### WORK REQUEST:
The data below should be copied out exactly, with its pictures omitted.

### DATASET SECTION:
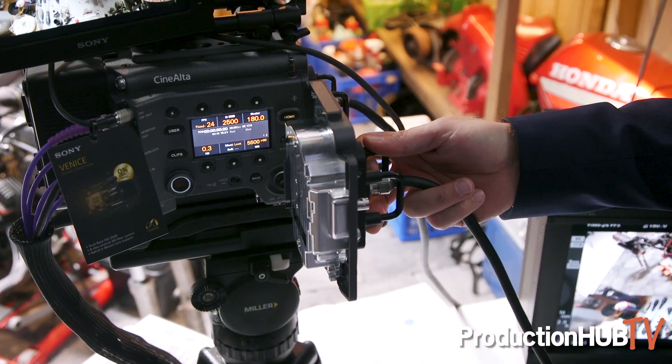Welcome to IBC 2018. My name is Klaus Pfeiffer and we are here at Sony booths in the cinematography space. For us, cinematography is Venice, and the new thing we are showing here at IBC is the sensor extension kit.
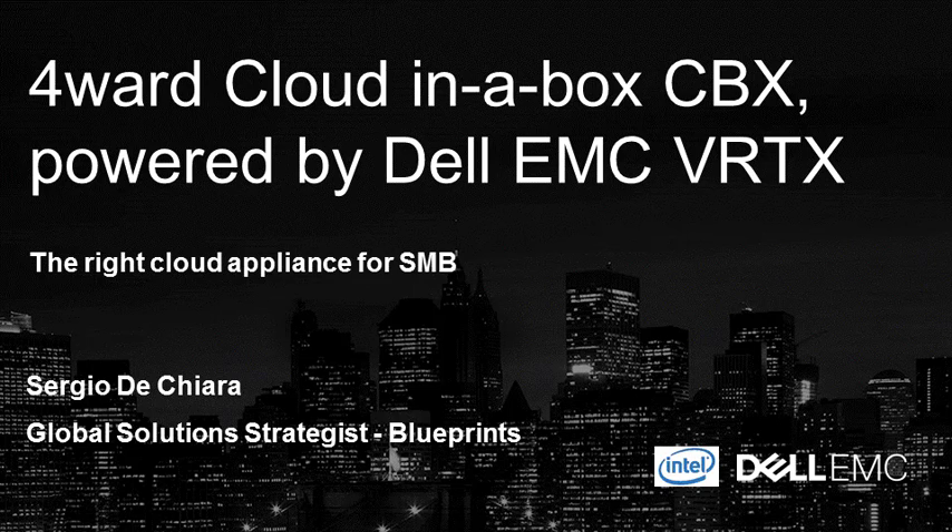Hello everybody, my name is Sergio De Chiara, Global Solutions Strategist at Dell EMC. I take care of blueprints and solutions across EMEA, and today we're going to talk about the cloud-in-a-box appliance that Dell EMC launched just recently.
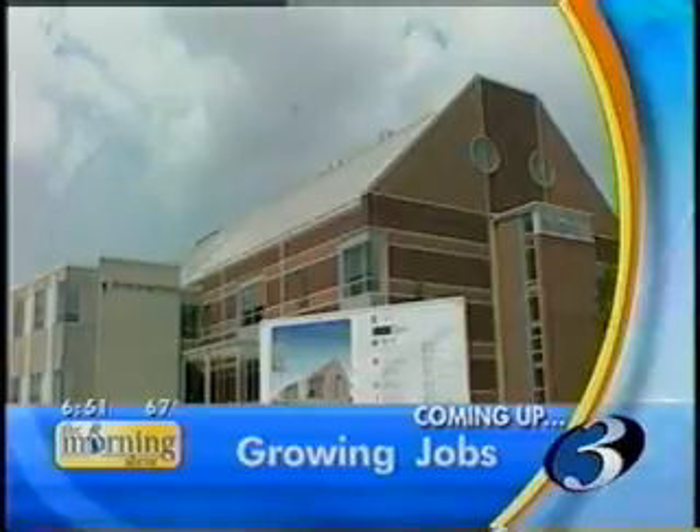All right. Still ahead on the morning show, we're taking you to the Grand Canyon State in today's Wish You Were Here. Plus, the U of I is growing the jobs of the future.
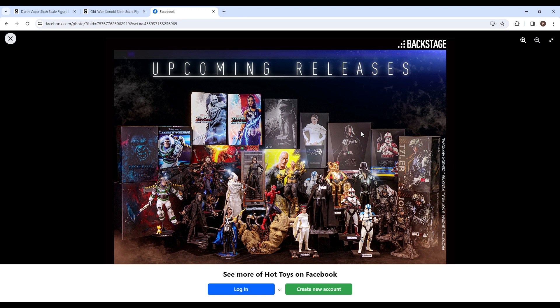Obi-Wan isn't on here, which seems a little strange, but could mean that they're working on the head sculpt. If you haven't checked out my first video on my channel, it's about the updated Obi-Wan head sculpt — check that out if you're interested. But yeah, Obi-Wan isn't on here.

### SOLUTION TO THE EXERCISE:
Welcome to IBC 2018. My name is Klaus Pfeiffer and we are here at Sony booths in the cinematography space. For us, cinematography is Venice, and the new thing we are showing here at IBC is the sensor extension kit.
Hello everybody, my name is Sergio De Chiara, Global Solutions Strategist at Dell EMC. I take care of blueprints and solutions across EMEA, and today we're going to talk about the cloud-in-a-box appliance that Dell EMC launched just recently.
All right. Still ahead on the morning show, we're taking you to the Grand Canyon State in today's Wish You Were Here. Plus, the U of I is growing the jobs of the future.
Obi-Wan isn't on here, which seems a little strange, but could mean that they're working on the head sculpt. If you haven't checked out my first video on my channel, it's about the updated Obi-Wan head sculpt — check that out if you're interested. But yeah, Obi-Wan isn't on here.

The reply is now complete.